Output the records that follow, keeping every line exactly as it is.

** Extracted data follows **

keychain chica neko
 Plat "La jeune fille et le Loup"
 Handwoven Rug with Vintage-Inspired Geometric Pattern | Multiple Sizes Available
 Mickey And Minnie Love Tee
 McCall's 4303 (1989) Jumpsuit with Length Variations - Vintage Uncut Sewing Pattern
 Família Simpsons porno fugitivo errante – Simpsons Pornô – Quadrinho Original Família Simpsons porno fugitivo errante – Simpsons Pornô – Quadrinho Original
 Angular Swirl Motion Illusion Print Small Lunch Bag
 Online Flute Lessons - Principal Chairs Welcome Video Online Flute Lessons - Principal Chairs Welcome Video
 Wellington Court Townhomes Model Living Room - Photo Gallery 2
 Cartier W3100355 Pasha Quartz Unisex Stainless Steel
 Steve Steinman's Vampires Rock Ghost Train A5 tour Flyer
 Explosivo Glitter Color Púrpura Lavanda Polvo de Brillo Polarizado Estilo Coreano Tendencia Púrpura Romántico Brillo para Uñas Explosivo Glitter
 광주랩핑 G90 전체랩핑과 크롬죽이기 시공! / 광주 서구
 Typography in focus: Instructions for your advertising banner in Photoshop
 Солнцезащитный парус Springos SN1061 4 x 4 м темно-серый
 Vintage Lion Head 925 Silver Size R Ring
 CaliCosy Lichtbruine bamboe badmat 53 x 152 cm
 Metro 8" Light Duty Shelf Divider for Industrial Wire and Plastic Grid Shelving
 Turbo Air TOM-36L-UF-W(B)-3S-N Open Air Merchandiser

** End of Extracted data **

Response:
keychain chica neko
 Plat "La jeune fille et le Loup"
 Handwoven Rug with Vintage-Inspired Geometric Pattern | Multiple Sizes Available
 Mickey And Minnie Love Tee
 McCall's 4303 (1989) Jumpsuit with Length Variations - Vintage Uncut Sewing Pattern
 Família Simpsons porno fugitivo errante – Simpsons Pornô – Quadrinho Original Família Simpsons porno fugitivo errante – Simpsons Pornô – Quadrinho Original
 Angular Swirl Motion Illusion Print Small Lunch Bag
 Online Flute Lessons - Principal Chairs Welcome Video Online Flute Lessons - Principal Chairs Welcome Video
 Wellington Court Townhomes Model Living Room - Photo Gallery 2
 Cartier W3100355 Pasha Quartz Unisex Stainless Steel
 Steve Steinman's Vampires Rock Ghost Train A5 tour Flyer
 Explosivo Glitter Color Púrpura Lavanda Polvo de Brillo Polarizado Estilo Coreano Tendencia Púrpura Romántico Brillo para Uñas Explosivo Glitter
 광주랩핑 G90 전체랩핑과 크롬죽이기 시공! / 광주 서구
 Typography in focus: Instructions for your advertising banner in Photoshop
 Солнцезащитный парус Springos SN1061 4 x 4 м темно-серый
 Vintage Lion Head 925 Silver Size R Ring
 CaliCosy Lichtbruine bamboe badmat 53 x 152 cm
 Metro 8" Light Duty Shelf Divider for Industrial Wire and Plastic Grid Shelving
 Turbo Air TOM-36L-UF-W(B)-3S-N Open Air Merchandiser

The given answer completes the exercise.